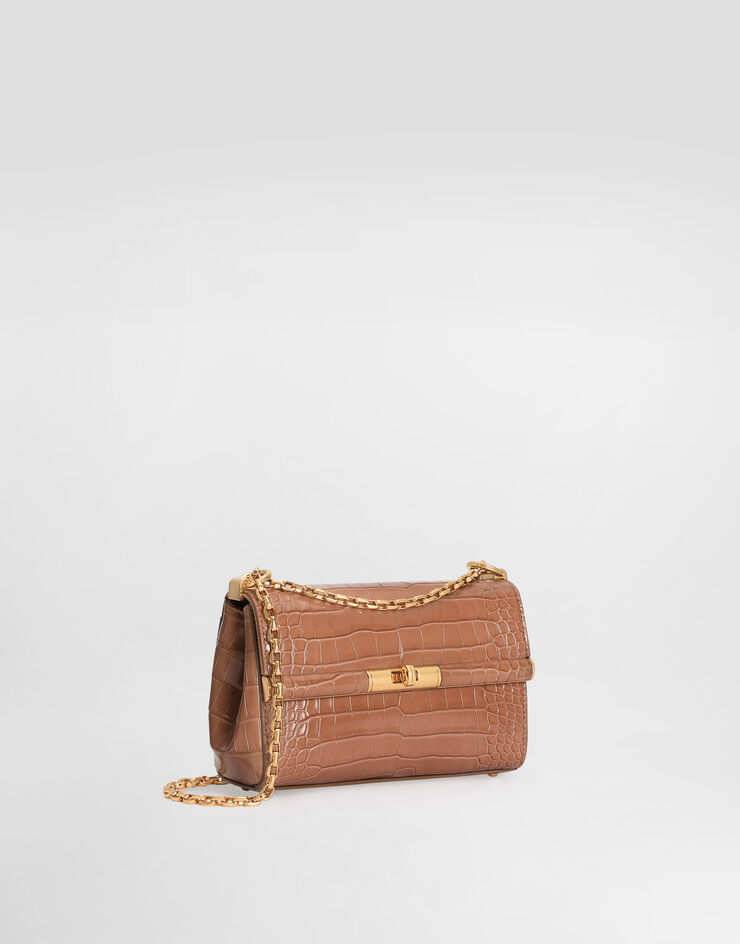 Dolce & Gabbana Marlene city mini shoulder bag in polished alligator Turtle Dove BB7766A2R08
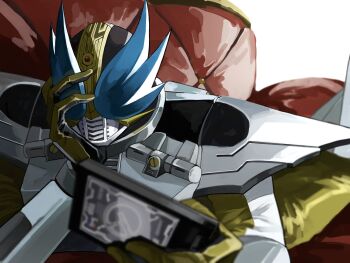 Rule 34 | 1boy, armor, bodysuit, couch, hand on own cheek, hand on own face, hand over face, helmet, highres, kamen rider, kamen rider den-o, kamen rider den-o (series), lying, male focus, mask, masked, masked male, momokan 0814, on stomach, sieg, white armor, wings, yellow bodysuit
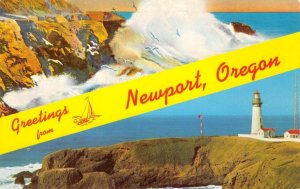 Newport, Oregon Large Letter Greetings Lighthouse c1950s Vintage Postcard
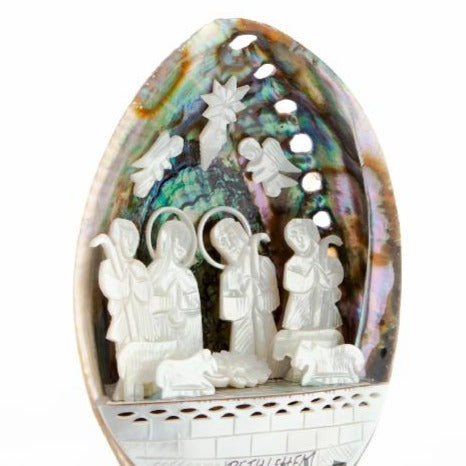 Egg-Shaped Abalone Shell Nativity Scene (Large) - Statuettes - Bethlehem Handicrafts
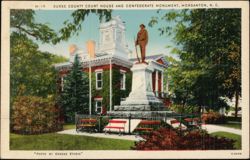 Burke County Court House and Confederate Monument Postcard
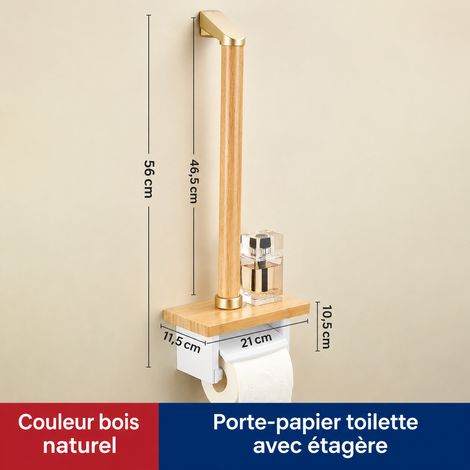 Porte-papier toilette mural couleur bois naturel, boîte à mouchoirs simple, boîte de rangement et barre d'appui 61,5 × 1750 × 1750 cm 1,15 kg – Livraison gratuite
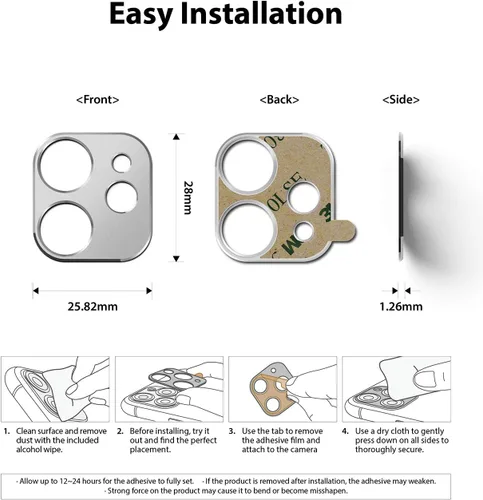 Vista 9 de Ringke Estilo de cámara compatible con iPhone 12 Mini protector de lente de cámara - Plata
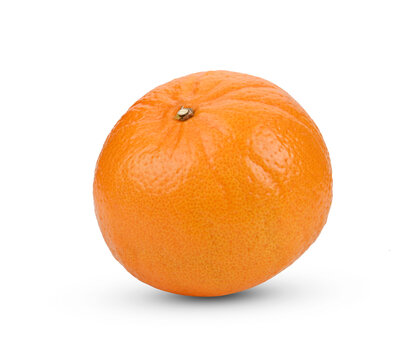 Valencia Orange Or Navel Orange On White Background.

══════

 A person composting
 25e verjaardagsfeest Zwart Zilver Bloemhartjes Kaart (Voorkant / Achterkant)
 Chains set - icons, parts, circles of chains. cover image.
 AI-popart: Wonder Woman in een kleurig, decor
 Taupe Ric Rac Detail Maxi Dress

══════

Brief.
Exactly the lines starting at the one above with "Dolce & Gabbana" and ending at the one with "Valencia Orange Or" should be printed, and nothing else. Omit the pictures.

Response to this exercise.
 Dolce & Gabbana Marlene city mini shoulder bag in polished alligator Turtle Dove BB7766A2R08
 Rule 34 | 1boy, armor, bodysuit, couch, hand on own cheek, hand on own face, hand over face, helmet, highres, kamen rider, kamen rider den-o, kamen rider den-o (series), lying, male focus, mask, masked, masked male, momokan 0814, on stomach, sieg, white armor, wings, yellow bodysuit
 Newport, Oregon Large Letter Greetings Lighthouse c1950s Vintage Postcard
 Egg-Shaped Abalone Shell Nativity Scene (Large) - Statuettes - Bethlehem Handicrafts
 Burke County Court House and Confederate Monument Postcard
 Porte-papier toilette mural couleur bois naturel, boîte à mouchoirs simple, boîte de rangement et barre d'appui 61,5 × 1750 × 1750 cm 1,15 kg – Livraison gratuite
 Vista 9 de Ringke Estilo de cámara compatible con iPhone 12 Mini protector de lente de cámara - Plata
 Valencia Orange Or Navel Orange On White Background.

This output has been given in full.